Jueves. Hago mal uso de Google maps y ando media hora hacia el rumbo equivocado. Chispea y el viento sopla frío. Cuando por fin el hotel está a tiro de piedra, siento que he llegado a algo parecido a La Meca. Tengo apenas una hora para acomodarme y arreglarme. Me espera una presentación y una entrevista. Pasan por mí al diez para las 3. Todo sale bien. Quedamos a las 7:30 pm para echar un trago en el bar del hotel. El elevador que sube directo al 18 (el único que sube, de hecho, a ese piso) tarda unos 5 minutos en funcionar. Por no revisar el mail a tiempo espero media hora en el piso 18. Otra vista espectacular, pero todo el tiempo me siento incómoda. No porque esté sola, sino porque es justamente el tipo de lugar que no es mi lugar. Todas las mesas están reservadas, así que me siento en la barra. El bartender tarda horas en darme la carta. Para entonces ya estoy camino a recoger mi saco en la entrada. Bajo a mi habitación en el piso 7. Veo que la cita se había cambiado para ir a cenar. La hora de México se me graba en la cabeza, así que para cuando vuelvo a ver el reloj ya voy media hora tarde. Corro. Por fortuna, es literalmente en la esquina. Llego y el grupo ya está sentado; hacer la mesa más grande parece una misión imposible. El lugar está... Sí, abarrotado. Más que restaurante, parece antro fresa de Las Lomas. Pero se logra. La comida llega como en viandas. Pruebo unos diez platillos diferentes. La cocina es de inspiración asiática. Indescriptiblemente deliciosa. Hacemos rondas también con los postres. Un placer comatoso. Hay una especie de merengue que parece caído del cielo. Un té de naranja y jazmín cierra la comilona. Apenas he cruzado palabras con mis compañeras de grupo. Pensar que a la vuelta de la cuadra finalmente me espera una cama y un cuarto para estar a mis anchas adquiere tintes de una verdadera bendición.

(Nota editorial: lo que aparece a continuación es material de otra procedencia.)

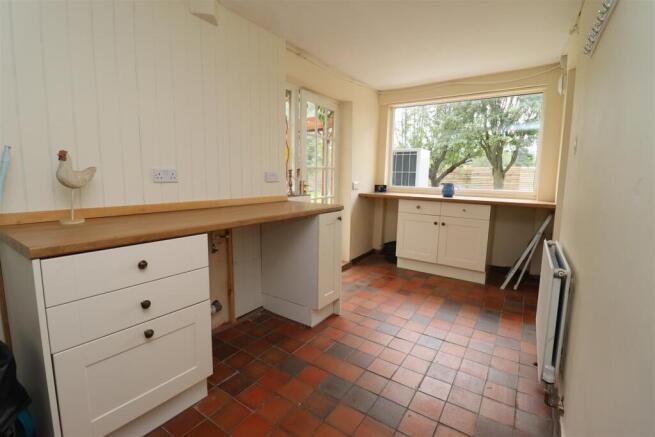 4 bed Detached to rent Image 4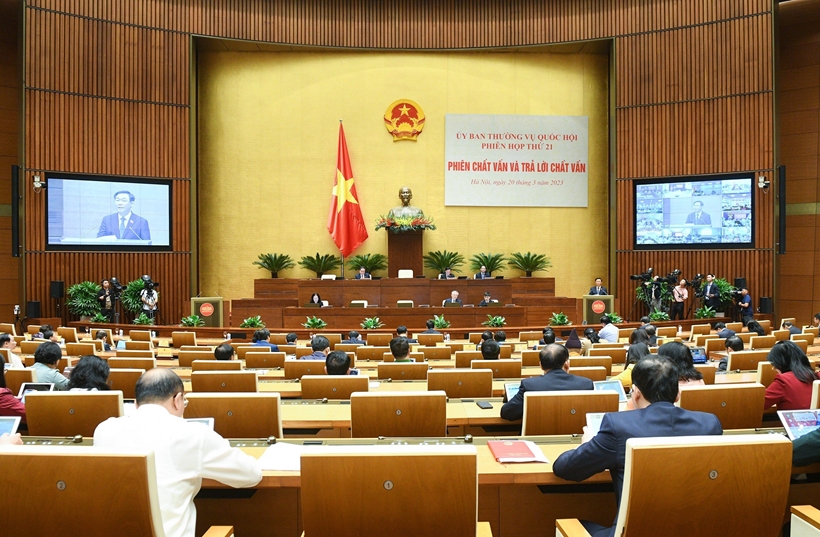 Ủy ban Thường vụ Quốc hội bắt đầu phiên chất vấn các nhóm vấn đề thuộc lĩnh vực Tòa án, Kiểm sát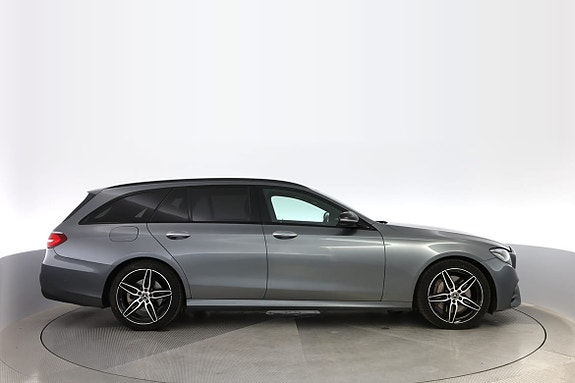 Mercedes-Benz E350 5 of 16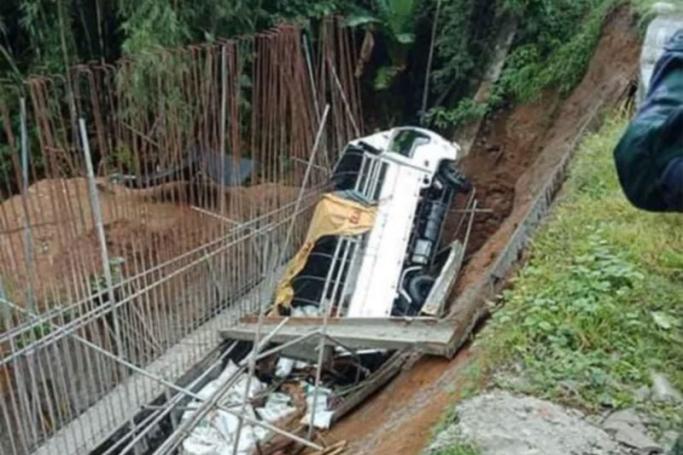 A total of 19 people were killed when a truck backwards down a deep ravine in Conner, Philippines. Photo: Twitter/Rea Mamogay - @dzxl558_rea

Viernes. Me quedo en la cama hasta que es inevitable salir de las cobijas para llegar al almuerzo. Estoy ahí antes que el grupo. Apenas me estoy acomodando en la barra cuando empiezan a llegar. Pido Bullabesa, el plato del día. No hablo en toda la comida. De lo rico que está. Pero también por lo fuera de lugar que me siento. No puedo opinar sobre si prefiero NY o París; no prefiero ninguna. Tampoco del nivel de shopping del que se habla. No tengo hijos. Pienso en la cara que he de tener. Por fortuna mi plato es grande y me aboco a acabar con él. A la hora del postre, se habla de libros. Por fin siento que puedo participar. Crème brulée. Isla flotante. Pudín de chocolate. Crepes suzette. Otro placer comatoso. Dos tazas de café. El bullicio es tremendo. El lugar está, sí, también a reventar. Salgo de ahí para encontrarme con un viento fuerte, pero también de nuevo con Chelsea. Greenwich Village. El Soho. Más tarde, de vuelta a Union Square. Hace frío. Estoy agotada. Me compro mi regalo de Navidad (unas Dr. Martens verde) y me digo 'suficiente'. Quiero darme un baño en la tina, ponerme mi pijama y leer. Quizá escribir. Nada más. Ha vuelto a chispear. El viento sopla tan fuerte que me cuesta trabajo ir de frente. Con la mano en la puerta giratoria del hotel, suspiro de alivio. Cometo el pecado de pecados: deseo amanecer en mi casa. Chateo. A las 8:10 pm concluyo que esta semana ha sido una dura prueba para mi rigidez mental. Muchas cosas se salieron de curso, se dieron a destiempo (¿cuándo no?). Pero fui capaz de disfrutarlo todo. De enfrentarme únicamente al aquí y al ahora (o al menos lo intenté con ganas). De apreciar los pies que me llevan y me traen. De, como siempre, comprobar que la que sale de viaje no es nunca la misma que regresa.
Sábado. La vida dirá. Y ya veremos qué tanto caso le hacen mis pies.